Published in UNITS magazine, August 1, 2007

Financial philosophy:

Collier Companies doesn't do budgets--it creates a financial plan. And, by seeking input on decision-making from staff, all become invested in the process

by Nathan S. Collier

Collier Companies, a privately held company with more than 8,500 apartments in 34 communities, eschews budgeting and rather prefers to engage in a process known as "financial planning."

To some, the difference may be largely semantic, but Collier believes that words create distinct mindsets and that an emphasis on financial planning rather than budgeting reflects an important difference in attitude and approach. Budgeting conveys a sense of constraints and restrictions, while financial planning focuses on goal setting and managing assets toward a desired financial outcome.

To increase buy-in and an understanding of the community's financial workers, Collier involves community and service managers in the financial planning process and actively solicits their input. No one knows the ins and outs of individual communities better than the onsite team.

During the financial planning process, Collier surveys onsite staff members with open-ended questions, including what they would do differently if they were owners, as well as stop/start/continue questions: "What should we stop doing? What should we start doing? What should we continue doing?" Then don't forget to ask, "What did we forget to ask?"

A Zero-Based Plan

A zero-based financial plan is a process in which every expense and cost must be revisited for necessity every year. Just because ownership provided the community manager a BlackBerry this year does not automatically mean that it is included in next year's financial plan. What was the benefit? What was the return on investment? Is it the best place to spend that money? Are there other, greater benefits that could be achieved with the same resources? Momentum and inertia should not drive financial plans.

Once a norm has been established, it can be difficult to eliminate. For example, in response to an overbuilt market, ownership increased marketing allocations and staffing levels. When occupancy levels recovered several years later, it was challenging for ownership to convince community managers and regional property managers that they could survive at the prior levels of staffing and marketing. Even a review of prior years' empirical data showing that high occupancy and service levels had been maintained at lower staffing and marketing levels was of minimal effectiveness. Although achieving managerial buy-in to the financial plan is important, some things must be done on faith.

Start With Revenue

The start of any financial plan is revenue. Generally, it is easier to raise revenues than to cut expenses. Any competent, motivated property management company whose interests are aligned with those of the owner has harvested most low-hanging fruit long ago. That said, many nice but not necessary things can creep into a financial plan, and pruning is definitely in order.

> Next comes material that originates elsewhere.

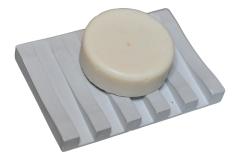 Savon doux pour animaux – soin naturel solide adapté aux peaux sensibles / Zachte dierenzeep – vaste natuurlijke verzorging geschikt voor gevoelige huid / Gentle pet soap – natural solid care suitable for sensitive skin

One analogy of a good financial planning process is that of edging a flowerbed or trimming a hedge into a desired shape. Over time, expenses can grow out of control and will need to be cut back. Set aside a time annually to do nothing but look for what is nice but not necessary. Rarely is money truly wasted, but frequently resources are spent on activities or products that are nice or enjoyable, but do not measurably increase NOI.

Ideally, financial plans serve at least three main functions: 1. Expense control; 2. Cash flow forecasting; and 3. Goal setting. Obviously, those functions can be at odds with each other. A leader might desire a "stretch" plan that motivates staff to extraordinary effort, an owner might want to know what income stream they can count on and a manager might want to keep a tight rein on expenses.